I’m trying to write this damn story for an opportunity I don’t want to miss and it’s killing me. I think I’ve cut at least ten words for every word I’ve kept. I’m literally dying here. I’ve died. I’m dead.
While I rot into my keyboard you might be interested in the following:
I’ve got two stories up that I haven’t posted about, ‘Never Dreaming (in Four Burns)’ on Clarkesworld and ‘Testimony Before an Emergency Session of the Naval Cephalopod Command’ in Drabblecast. A rocket scientist grapples with her faulty plasma thruster and her own imminent insomniac death. A United States Navy giant squid goes rogue and starts hunting down Soviet nuclear submarines. I’m very happy with the response to both. Audio versions accompany both links.
My full-blown novel take on The Traitor Baru Cormorant is done and making the rounds. Suggestions for agents looking for new fantasy novels are welcome.
Benjanun Sriduangkaew, who I’ve recommended in the past, has a great post up on her own blog about writing gender. All speculative fiction must – yes, an unqualified declaration! – engage with gender norms on some level, and all spec-fic readers should be armed with the tools to think about gender norms, so I can’t see any reason for you not to read this post. We can fight about this if you want.
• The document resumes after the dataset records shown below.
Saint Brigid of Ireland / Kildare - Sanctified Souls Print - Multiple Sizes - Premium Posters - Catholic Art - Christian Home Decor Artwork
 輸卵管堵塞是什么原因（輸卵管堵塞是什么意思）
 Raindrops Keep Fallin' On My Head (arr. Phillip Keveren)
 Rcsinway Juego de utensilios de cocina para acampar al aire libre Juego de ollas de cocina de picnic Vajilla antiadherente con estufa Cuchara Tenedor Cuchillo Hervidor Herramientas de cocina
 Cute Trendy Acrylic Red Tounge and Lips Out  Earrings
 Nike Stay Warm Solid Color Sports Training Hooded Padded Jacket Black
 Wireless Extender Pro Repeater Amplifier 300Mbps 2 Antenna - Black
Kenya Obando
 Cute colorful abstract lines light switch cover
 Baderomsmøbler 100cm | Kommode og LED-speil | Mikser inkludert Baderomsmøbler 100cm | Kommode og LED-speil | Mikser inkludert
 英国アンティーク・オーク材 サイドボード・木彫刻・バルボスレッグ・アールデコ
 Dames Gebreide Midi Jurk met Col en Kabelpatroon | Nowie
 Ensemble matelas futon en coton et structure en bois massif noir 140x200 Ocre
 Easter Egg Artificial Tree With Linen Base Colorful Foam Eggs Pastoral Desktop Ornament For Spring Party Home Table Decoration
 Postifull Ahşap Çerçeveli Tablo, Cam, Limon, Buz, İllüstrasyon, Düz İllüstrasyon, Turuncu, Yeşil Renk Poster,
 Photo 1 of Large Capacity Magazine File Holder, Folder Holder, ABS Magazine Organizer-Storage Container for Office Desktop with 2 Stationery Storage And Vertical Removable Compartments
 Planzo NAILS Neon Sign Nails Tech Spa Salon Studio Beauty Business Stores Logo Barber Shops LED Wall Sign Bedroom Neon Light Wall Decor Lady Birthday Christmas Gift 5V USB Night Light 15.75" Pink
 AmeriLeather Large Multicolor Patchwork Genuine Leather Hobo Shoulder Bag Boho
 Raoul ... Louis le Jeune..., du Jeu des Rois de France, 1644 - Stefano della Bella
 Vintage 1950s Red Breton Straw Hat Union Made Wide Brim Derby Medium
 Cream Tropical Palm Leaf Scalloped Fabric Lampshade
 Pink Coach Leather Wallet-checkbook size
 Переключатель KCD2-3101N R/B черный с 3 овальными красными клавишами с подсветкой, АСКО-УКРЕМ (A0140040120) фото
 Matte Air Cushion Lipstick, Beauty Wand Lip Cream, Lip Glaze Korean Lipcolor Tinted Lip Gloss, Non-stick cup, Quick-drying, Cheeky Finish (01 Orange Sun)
Bee’s story ‘Silent Bridge, Pale Cascade’ opens with one of my personal favorite sentences. I’m planning to do a close reading of the piece to examine some of her choices regarding gender performance and scare quotes ‘worldbuilding’ unscare quotes in the near future, once I finish this impossible story and return from death as some kind of blog revenant.
The Inscription IndieGoGo campaign deserves your attention. Under the capable leadership of Rachel Halpern (one of those Rachels I learned a lot from), Inscription wants to provide a market for diverse YA fiction – a place where young people can find allied narratives. When I was in the social sciences I found a small iceberg of evidence about the real, empirical, statistically robust effects of representation in fiction on people who aren’t part of the mainstream narrative. Science says this matters.
Upcoming Tom Cruise mil-SF vehicle ‘The Edge of Tomorrow’ is based on a Japanese novel, Hiroshi Sakurazaka’s All You Need is Kill. Nick Mamatas’ Haikasoru Press, which translates Japanese SF and brings it to American markets, sells the novel – and while I don’t know to what extent Haikasoru was involved in bringing the story to Hollywood’s attention, I think that bringing world SF to the American market is a crucial project, worth support. When I was a kid I was completely ruthless about Christmas: I had indexed, cross-referenced lists, sorted by priority, every item linked to a supply chain and a set of acceptable fallbacks. Now that I’m an adult* I can just buy my own copies of All You Need is Kill, though, so don’t get any ideas, Mom.
Look for more of my fiction coming up in Clarkesworld, Lightspeed, and Beneath Ceaseless Skies.